From Fed memo: “Congress was well informed of the volume of borrowing by large banks. For instance, the monthly reports showed the daily average borrowing during the month in the aggregate for the five largest discount window borrowers, the next five, and the rest. Similar information was also provided for lending at the emergency facilities.”
Response: Because the Fed didn’t provide the names of borrowers, it was impossible to add up how much each bank received across all the programs. Nor did the Fed release these figures in aggregate form for each institution when it released data under the Dodd-Frank Act or Bloomberg’s Freedom of Information Act requests.
In fact, the Fed released separate databases on each of the programs, and several of the databases identified borrowers by the name of the subsidiary that got the loan. None of the releases showed how much money each borrower was in debt to the Fed on specific dates.
Bloomberg built a database to combine subsidiaries with their parent companies and to add the total loans outstanding by each institution across all programs. Bloomberg undertook this project in the belief that a full accounting of the Fed’s lending efforts was possible only by tallying what each company borrowed across all programs.
From Fed memo: “One article asserted that the Federal Reserve lent or guaranteed more than $7.7 trillion during the financial crisis. Others have estimated the amounts to be $16 trillion or even $24 trillion. All of these numbers are wildly inaccurate.
“The inaccurate and misleading estimates could be based on several errors, including double-counting.”
Response: Bloomberg News reported that Fed lending peaked at $1.2 trillion, a figure that didn’t include any double- counting. Instead of adding all the outstanding Fed loans to get a large number, Bloomberg used peak loan amounts that were outstanding on a single day. On the day after the Nov. 28 story, the Fed published that $1.2 trillion figure, affirming Bloomberg’s calculation.
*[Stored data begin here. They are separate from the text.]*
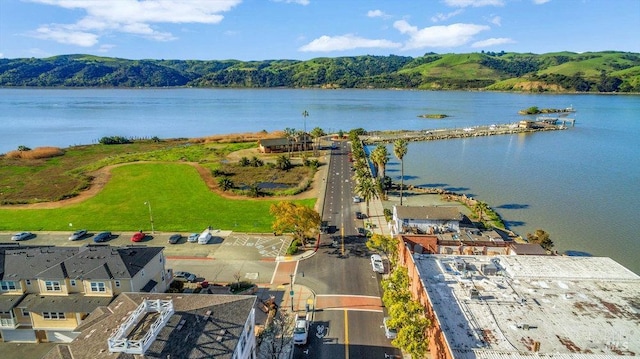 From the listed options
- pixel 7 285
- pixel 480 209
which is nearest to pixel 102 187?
pixel 7 285

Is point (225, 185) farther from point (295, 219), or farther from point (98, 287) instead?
point (98, 287)

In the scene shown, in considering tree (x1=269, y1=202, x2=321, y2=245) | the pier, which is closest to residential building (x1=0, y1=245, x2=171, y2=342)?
tree (x1=269, y1=202, x2=321, y2=245)

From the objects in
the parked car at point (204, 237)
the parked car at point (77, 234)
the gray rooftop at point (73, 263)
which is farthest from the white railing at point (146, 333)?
the parked car at point (77, 234)

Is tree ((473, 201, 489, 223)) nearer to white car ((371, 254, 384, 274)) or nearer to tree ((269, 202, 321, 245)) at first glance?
white car ((371, 254, 384, 274))

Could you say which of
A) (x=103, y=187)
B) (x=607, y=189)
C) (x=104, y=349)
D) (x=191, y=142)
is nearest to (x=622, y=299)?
(x=104, y=349)

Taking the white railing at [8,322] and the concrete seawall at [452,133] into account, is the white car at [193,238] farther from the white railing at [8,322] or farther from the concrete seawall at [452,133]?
the concrete seawall at [452,133] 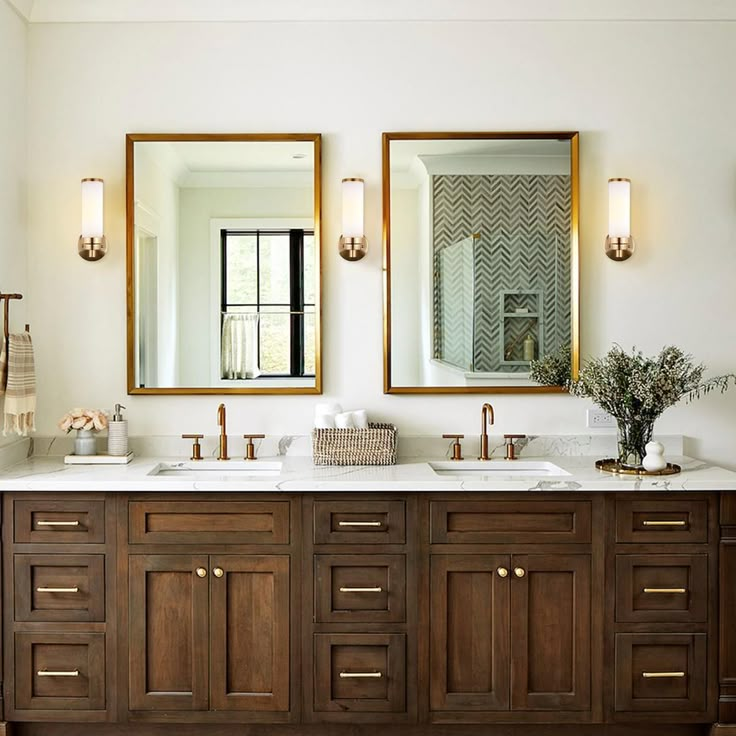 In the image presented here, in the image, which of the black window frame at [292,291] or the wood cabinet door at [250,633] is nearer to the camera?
the wood cabinet door at [250,633]

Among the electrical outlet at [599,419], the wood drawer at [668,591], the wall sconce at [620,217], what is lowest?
the wood drawer at [668,591]

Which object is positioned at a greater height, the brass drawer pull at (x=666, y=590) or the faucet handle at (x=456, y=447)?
the faucet handle at (x=456, y=447)

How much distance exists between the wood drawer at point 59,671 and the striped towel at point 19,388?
70 cm

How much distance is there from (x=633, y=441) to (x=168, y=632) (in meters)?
1.69

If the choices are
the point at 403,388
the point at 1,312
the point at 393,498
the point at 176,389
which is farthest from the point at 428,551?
the point at 1,312

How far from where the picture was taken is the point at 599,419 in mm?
3166

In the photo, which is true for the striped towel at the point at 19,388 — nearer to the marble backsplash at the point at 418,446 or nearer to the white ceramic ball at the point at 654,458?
the marble backsplash at the point at 418,446

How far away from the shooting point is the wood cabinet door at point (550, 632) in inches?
104

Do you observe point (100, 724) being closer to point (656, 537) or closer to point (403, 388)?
point (403, 388)

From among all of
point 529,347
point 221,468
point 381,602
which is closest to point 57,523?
point 221,468

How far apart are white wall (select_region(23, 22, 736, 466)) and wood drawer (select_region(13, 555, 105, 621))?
0.72 metres

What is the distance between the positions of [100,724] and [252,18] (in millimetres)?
2577

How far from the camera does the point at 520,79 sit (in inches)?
124

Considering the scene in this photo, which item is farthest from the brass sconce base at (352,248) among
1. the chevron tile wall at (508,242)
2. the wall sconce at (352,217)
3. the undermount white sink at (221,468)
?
the undermount white sink at (221,468) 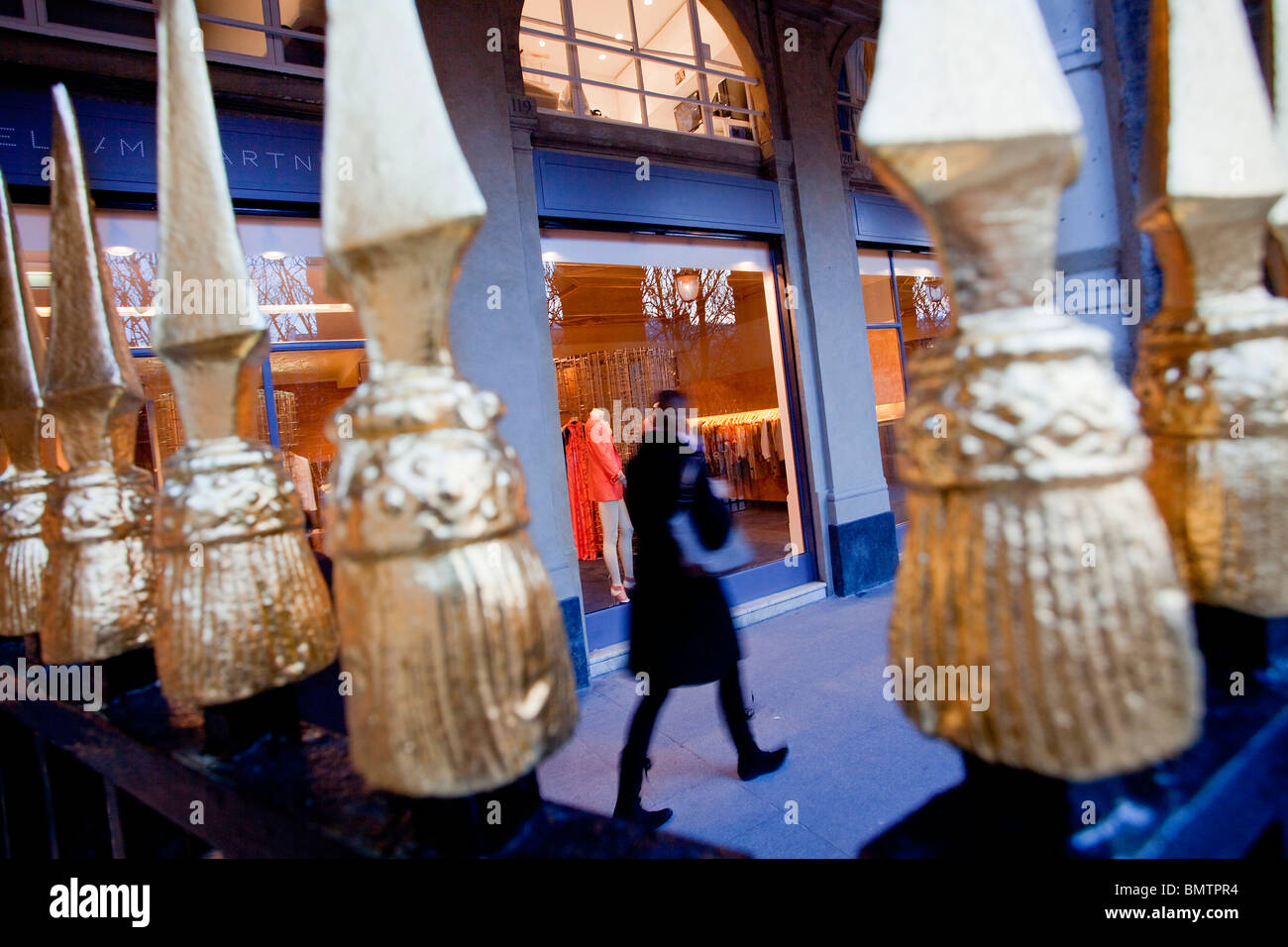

The $16 trillion number cited by the Fed may refer to a Government Accountability Office report of July 21, 2011, that used a different methodology. Bloomberg built its database to show amounts outstanding, while the GAO tallied cumulative loans. For example, if a bank borrowed $1 billion overnight for 100 nights, Bloomberg would say the bank had a $1 billion balance at the Fed for 100 days; the GAO would say the bank borrowed $100 billion. The former is a more useful economic measurement. While the GAO also assessed the scope of the lending on what it called a term-adjusted basis, yielding a total of $1.14 trillion, some websites and commentators cited the higher figure.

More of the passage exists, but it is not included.